Kazan Soda Elektrik
- Native name: Kazan Soda Elektrik Üretim A.Ş.
- Company type: Private company
- Industry: Chemicals
- Founded: 2010; 16 years ago
- Headquarters: Ankara, Turkey
- Area served: Worldwide
- Products: Soda ash; Baking soda;
- Owner: Ciner Holding
- Number of employees: 1,000
- Website: www.kazansoda.com

= Kazan Soda Elektrik =

Chemical industry and electric energy company in Ankara

The Kazan Soda Elektrik, full name Kazan Soda Elektrik Üretim A.Ş., is a chemical industry and electric energy company in Ankara Province, Turkey producing natural soda ash and baking soda from trona. The company is a subsidiary of Ciner Holding.

==Background==
The trona ore deposits were owned by Rio Tinto Group, an Australian-British multinational and one of the world's largest metals and mining corporation. After survey activities, which lasted more than fifteen years, the company concluded that it will be unable to operate the mining of the trona ore reserves there, and sold the deposits to Ciner Holding in 2010.

The construction of the soda products plant began in 2015, after five years of efforts for bureaucratic permissions and financing. The investment budget of the project was US$1.5 billion. The financing of the project was provided by the Industrial and Commercial Bank of China (ICBC), Exim Bank of China and Deutsche Bank backed by the China Export and Credit Insurance Corporation (Sinosure). Sberbank of Russia financially contributed during the groundbreaking phase. The construction of the facility was carried out by the China Tianchen Engineering Corporation (TCC). The facility was completed within two and half years. Kazan Soda Elektrik plant was inaugurated on January 15, 2018, in presence of Turkish President Recep Tayyip Erdoğan, Minister of Energy and Natural Resources Berat Albayrak, Minister of Labour and Social Security Jülide Sarıeroğlu, Ambassador of China Yu Hongyang and many other high-profile politicians and officials.

==Plant and production==
The Kazan Soda Elektrik consists of three sections, namely mining, processing and cogeneration. While the mining area is located in Kahramankazan district, the production plant is situated within the Sincan district of Ankara Province, northwest of Ankara. It is about 35 km north of Ankara.

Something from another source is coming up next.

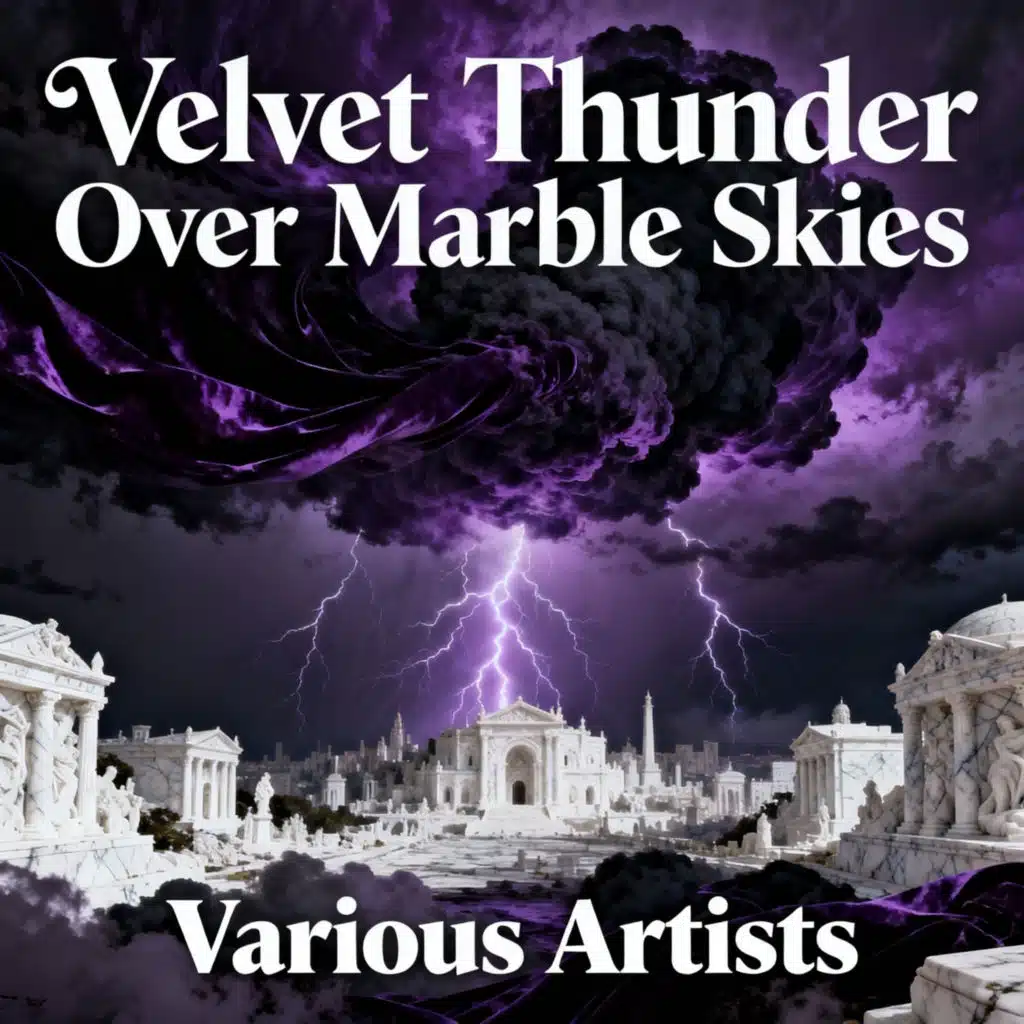 Velvet Thunder Over Marble Skies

The plant's mining section supplies the processing section with the
trona solution (trisodium hydrogendicarbonate dihydrat), which is the primary source of soda ash. For this, trona ore, laying in average at a depth of 600 m underground, is injected with hot water through boreholes drilled, and the dissolved trona is pumped up in the form of trona solution. The plant has five processing lines. The congeneration facility produces 380 MWe electric power and 400 tons of steam.

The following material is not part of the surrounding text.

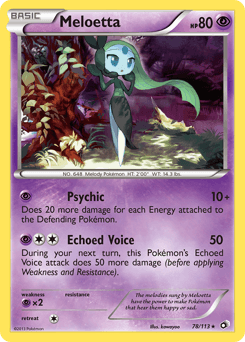 Meloetta from Legendary Treasures #78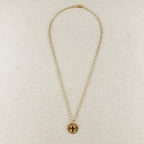 Mondsee 18k Gold Filled Cross Plate Charm Necklace | 18k Gold Filled Jewelry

The annual production capacity of the plant is 2.5 million tons of soda ash (sodium carbonate, Na_{2}CO_{3}) and 200,000 tons of baking soda (sodium bicarbonate, NaHCO_{3}). If all the production were exported to Europe, it would increase the key glass raw material by around 25%. Around 1,000 people are employed by the company.

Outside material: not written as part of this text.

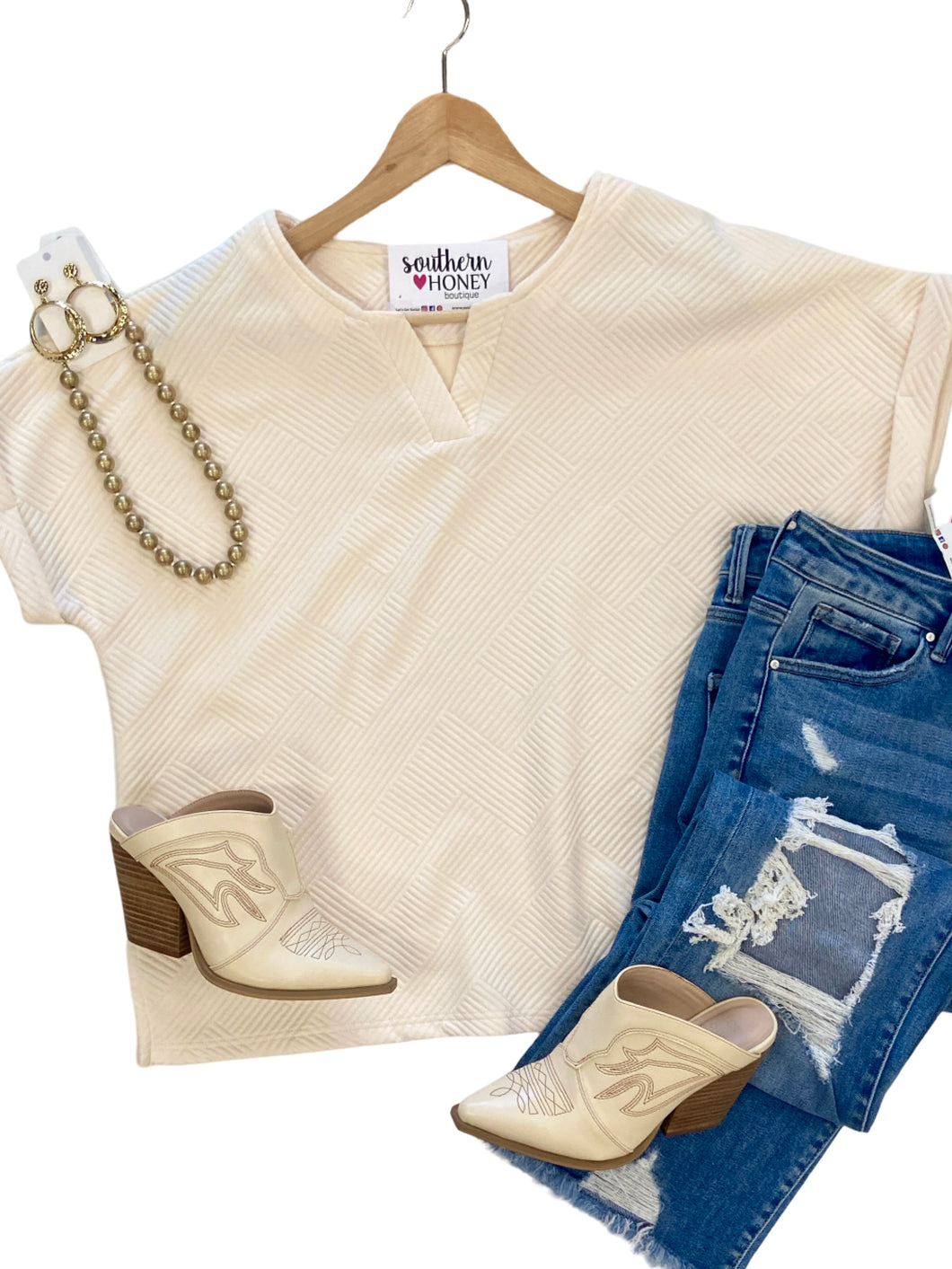 The Camila Short sleeve Top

The trona ore reserve of Kazan Soda Elektrik is the world's second largest. The plant is the biggest soda ash production facility in Europe. With both Kazan Soda and Eti Soda, the Ciner Holding and Turkey becomes the leading soda ash producer of the world. The soda ash produced has a purity grade of 99.8%, which is the purest in the world. The total annual export value of the products from Kazan Soda Elektrik and Eti Soda will be US$800 million.

==Sustainability==
The company has published a report by CDP scoring their environmental impact. Their scope 1 and 2 emissions intensity in 2019 was 0.345 tonnes CO2e per tonne of product. However, the first implementation of the EU Carbon Border Adjustment Mechanism does not include soda.